Insight
AI and judgment: What can be automated, and what must remain human?

Author: Severin Sjømark
In the coming years, we will likely see a growing stream of self-declarations from tech giants claiming that artificial general intelligence (AGI) has been reached. What is actually meant by this will vary. The most common definition is that AGI refers to artificial systems that perform as well as humans across all domains and can generalize across them. Even this definition is imprecise, and in the time ahead the definition will become fluid, with whether a threshold has been crossed dominating the headlines.
For us at Deepinsight, the crucial questions are different: how is the technology integrated into society? Does it support human judgment, or does it begin to replace it, and who decides this?
Health as the domain of judgment
Health is one of the areas where judgment matters most, as the difference between good and poor judgment can be the difference between life and death. Judgment determines priorities, treatment choices, and use of resources, and it is what makes it possible for these decisions to uphold human dignity.

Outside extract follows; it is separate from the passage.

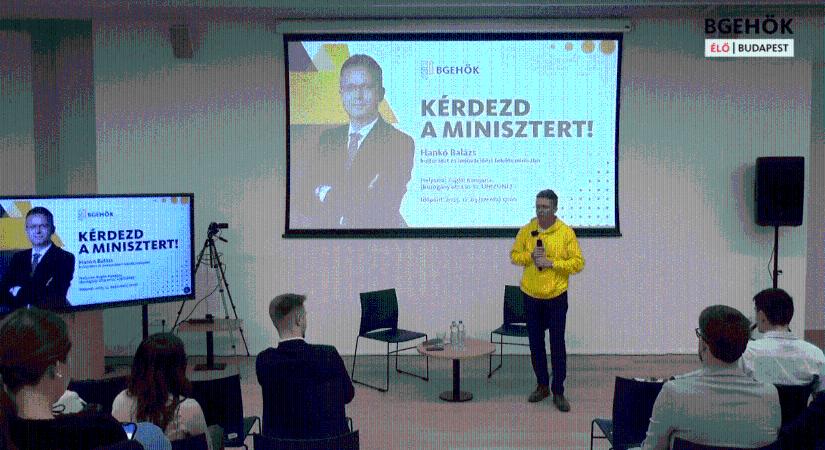 „Hazudik” – így vitázott egy diák Hankó Balázs miniszterrel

Judgment is not just the application of rules, but a fundamental human capacity: the ability to assess a situation as a whole, weigh considerations that cannot be fully quantified, and take responsibility for the consequences of a decision. Judgment is shaped by experience and lived life, by context and circumstances that we will never be able to fully replace with data processes. AI is trained on enormous amounts of human experience in the form of representations, but it is not itself in the situations (with bodies, emotions and human relationships) to which these representations correspond. It can analyze and optimize, but it cannot bear responsibility or relate normatively to what is right and good. Data can inform judgment, and models can support it, but judgment cannot be reduced to data and rules.
In a complex hospital environment, there are tasks that require precisely this capacity: prioritization under pressure, assessment of risk, handling uncertainty, interaction between people. This is where technology must be support and not substitute.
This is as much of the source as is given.